- Mashan Location within Nigeria
- Coordinates: 09°50′33″N 08°20′47″E﻿ / ﻿9.84250°N 8.34639°E
- Country: Nigeria
- State: Kaduna State
- LGA: Zangon Kataf
- District: Zonzon
- Time zone: UTC+01:00 (WAT)
- 6-digit numeric: 802138
- Climate: Aw

= Mashan, Nigeria =

Mashan is a village situated within the Atyap Chiefdom in Zonzon (Zonzon) district at Zangon Kataf Local Government Area Kaduna State, Nigeria. It is a part of the Fantswamland region that reflects the history and the traditions of the Fantswam people. There is a Universal Basic Education (UBE) Primary School located in Mashan, Zangon Kataf which indicates the presence of basic educational infrastructure.

==Geography and Location==
Mashan is located in the southern part of Kaduna State. With geographic coordinates of and a postal code, 802138, which falls under the Zonzon district.
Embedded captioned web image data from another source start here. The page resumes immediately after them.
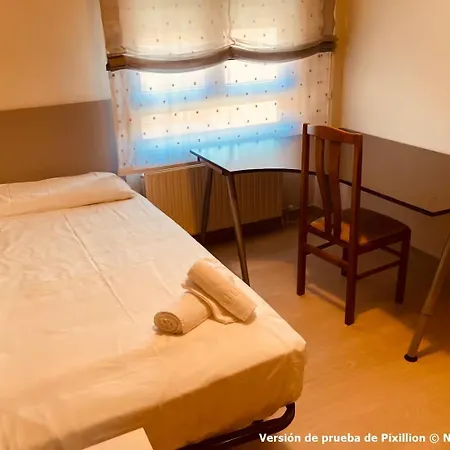 Apartamento Duques De 16 Soria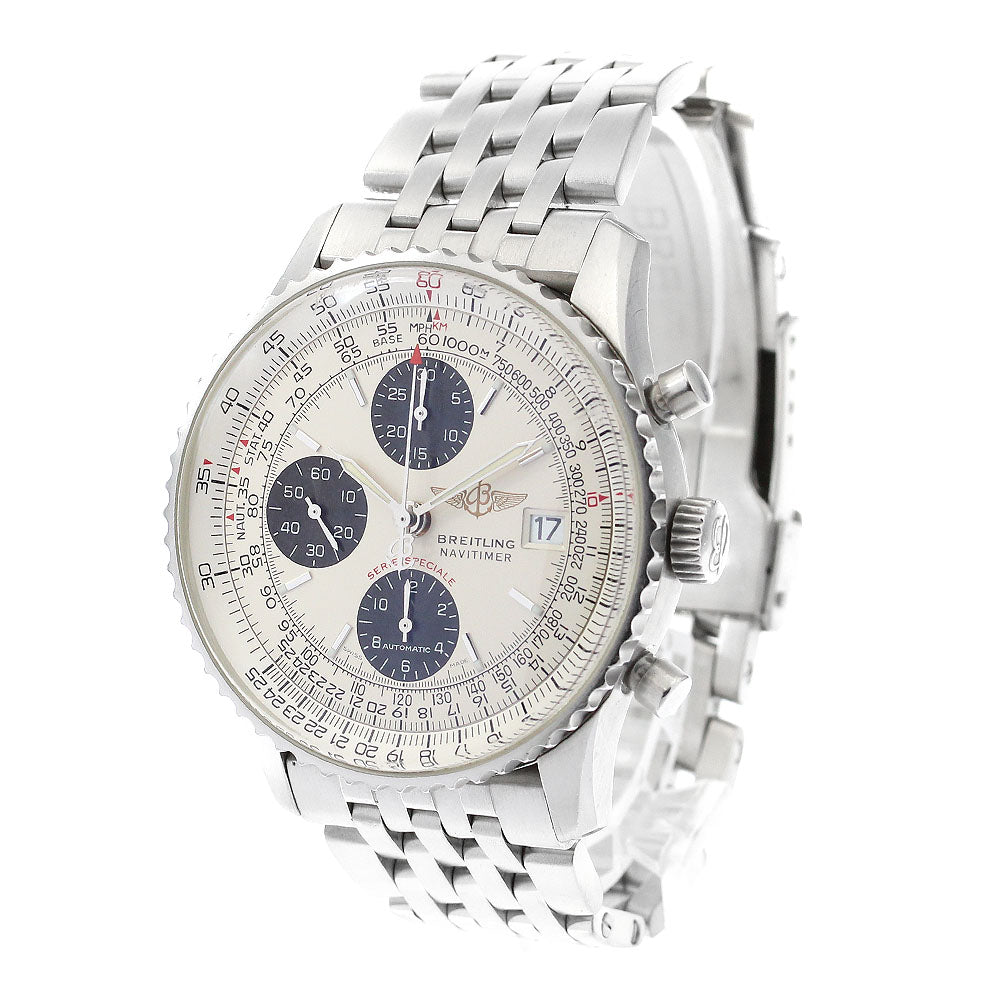 BREITLING Navitimer Fighters A13330 Chronograph Automatic Men's Watch_890685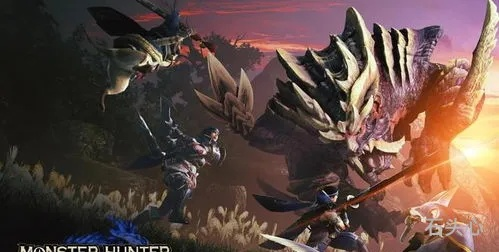 巨戟龙双刀强装解析：打造荒野狩猎新巅峰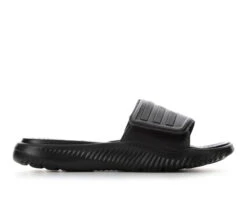 Men's Adidas AlphaBounce Slide 2.0 Sport Slides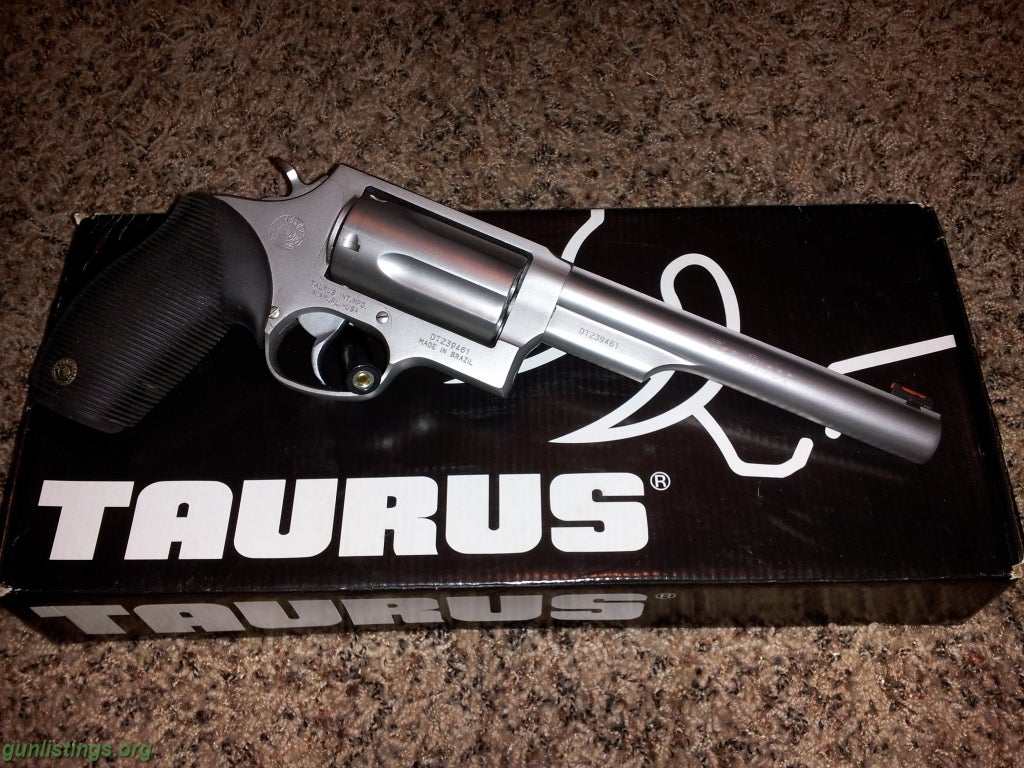 Pistols Taurus Judge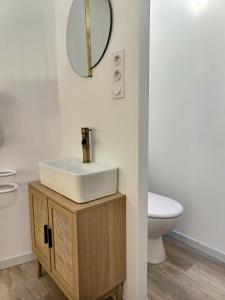 Le Petit Evali - Fibre - Centre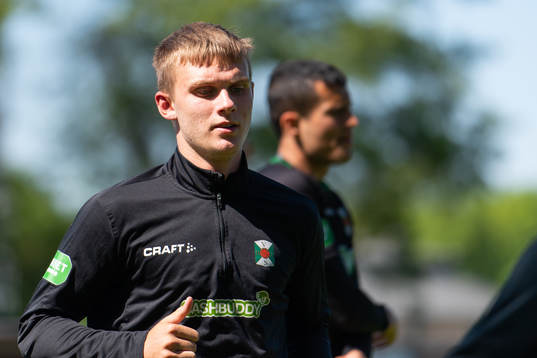 Varbergs Nils Bertilsson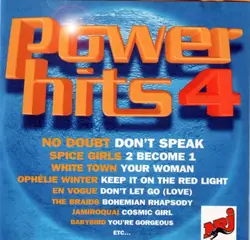cd power hits/vol.4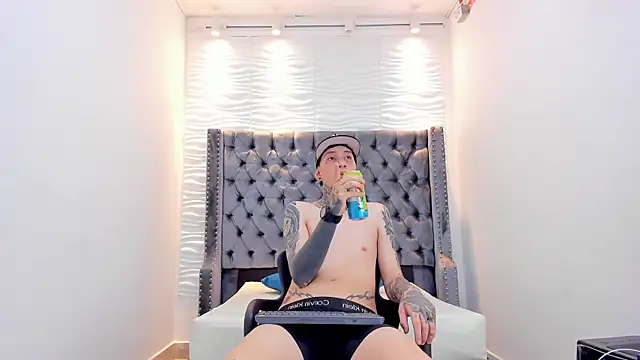 DANTE_ARMSTRONG's cam snapshot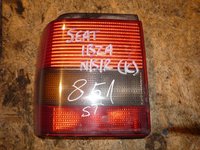 Stop stanga Seat Ibiza, 961807, 961809-00
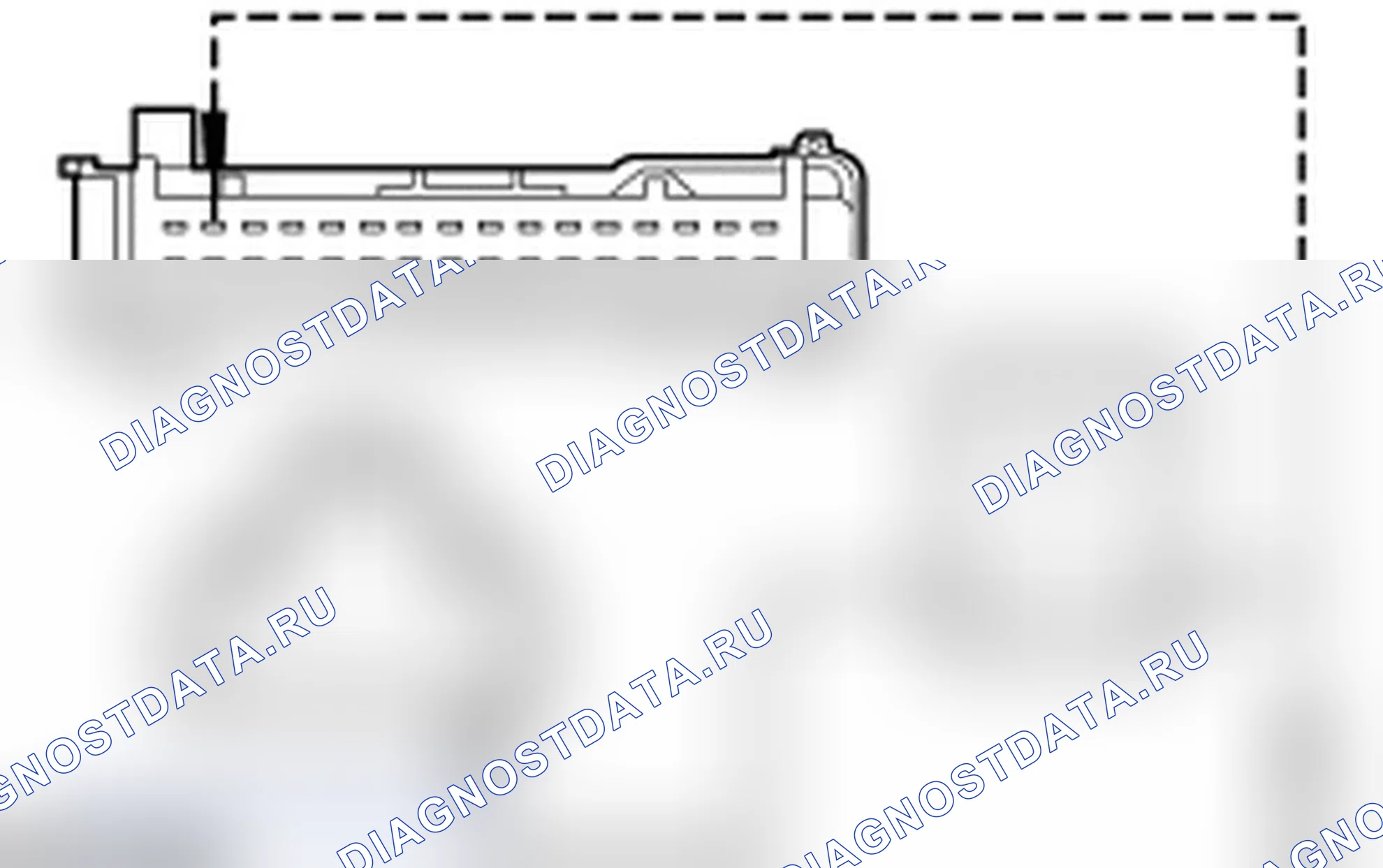 Рис. 56. Lincoln Mark LT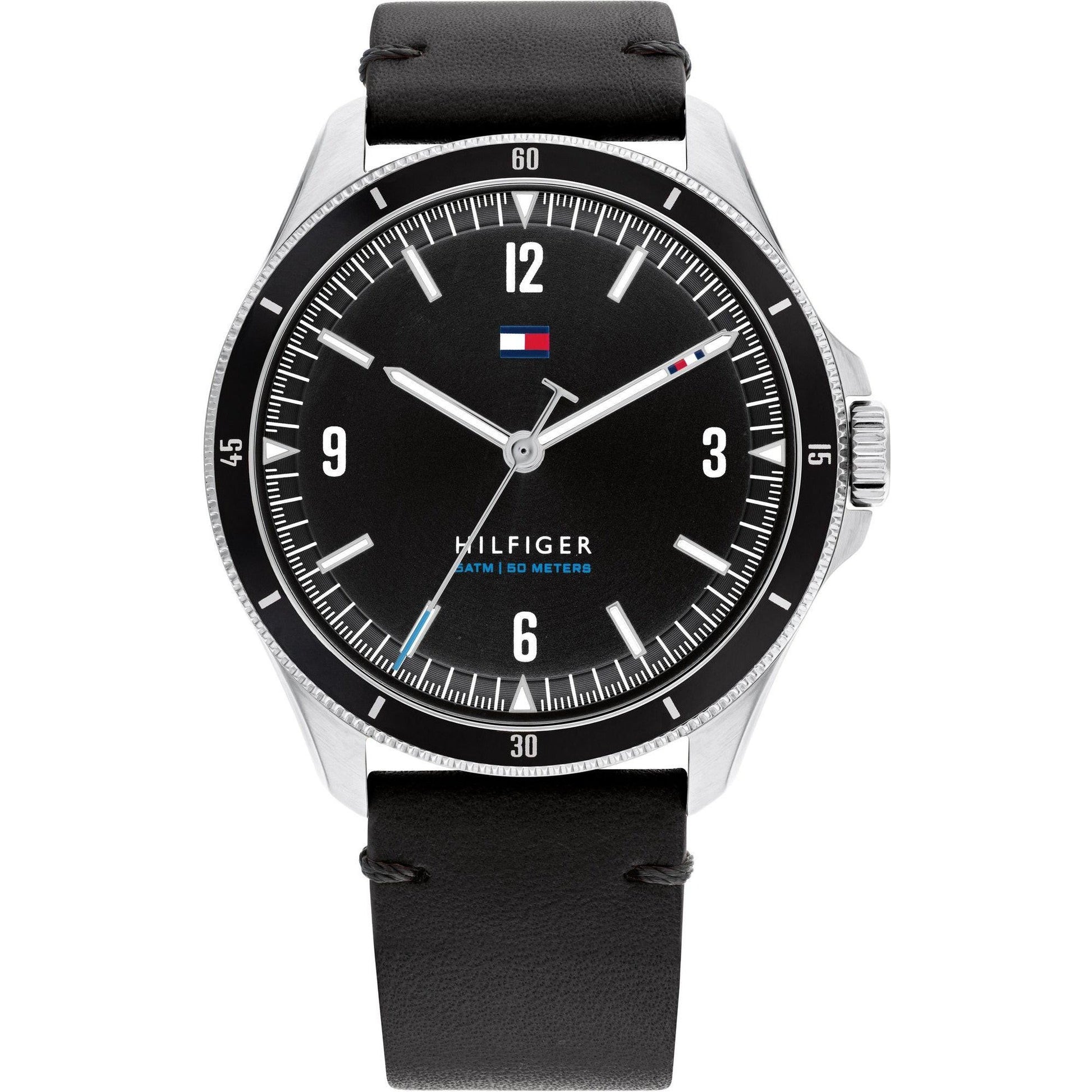 Tommy Hilfiger Ceas de mână 1791904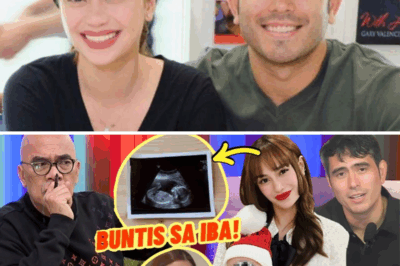 SHOCK!!!🔥ARCI MUÑOZ AT GERALD ANDERSON, INILABAS ANG DNA RESULTA—KANILANG ANAK, KUMPIRMADO! JULIA NAGULAT!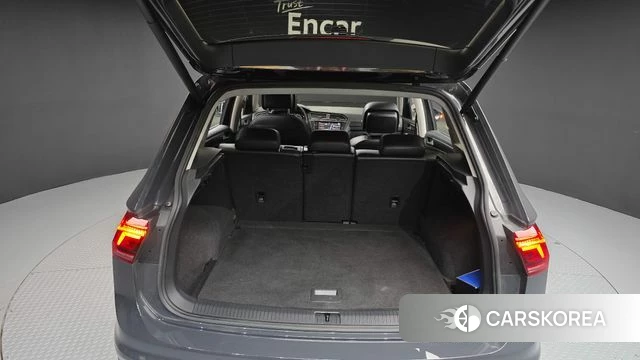 Volkswagen Tiguan second Generation id 4899440 из Кореи 11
==Historical Significance==
Màshan has a history of settlement by various communities, including the Fantswam people before they reached Kafanchan. The migration of Fantswam people to Mashan reflects their search for a more favourable environment.

==Cultural Significance==
Mashan is part of the Fantswam people's history and cultural heritage. The Fantswam people's experience in Mashan contributed to their transition from a nomadic lifestyle to a stable, rooted society.

==Nearby settlement==
Mashan is surrounded by several nearby villages and towns, including Zonzon, Wawa-rafi, U/Tabo, Sakum, Mawokili, Matyei,Runji and Mabuhu, all of which share the same postal code. These neighbouring communities are an integral part of the region's cultural and geographical landscape.